Open drnickisaac opened 3 years ago

drnickisaac commented 3 years ago

@AugustT has suggested we switch from saving sparta outputs from .rData to .fst: this will save time and disk space. It should be easily implemented with a single line of code.

AugustT commented 3 years ago

This is not a single line of code job! The implications are very far reaching and should be mapped out first!

drnickisaac commented 3 years ago

@AugustT I have started looking into this. The fst format is certainly fast for data frames, but is it really optimal for the list structure that comes out of sparta? Also, this blog post implies other potential drawbacks. I don't fully understand the details: http://svmiller.com/blog/2020/02/comparing-qs-fst-rds-for-bigger-datasets/

03rcooke commented 3 years ago

I'm also slightly concerned about this shift. For me I don't see an issue with the current read/write speed, and it seems like a lot of work!

I've always preffered .rds as you can formally assign objects to an object name when you read them in, but you can get round this with a small function. And .rdata potentially seem better for lists.

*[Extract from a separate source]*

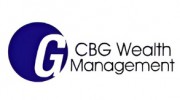 CBG Wealth Management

mlogie commented 3 years ago

I would be in favour of a switch to rds format (and in fact all my current occ mod functions work with rds files). If the implications of a change to a slightly faster format are potentially far reaching for minor benefit, I would be in favour of not a change. Other users of sparta would also have to install a new package as well to get this to work, if this became the default output.

03rcooke commented 1 year ago

I'd vote for a change to .rds files instead of .rdata files, we could add an argument filetype where users could specify .rds (the default) or .rdata (the previous method)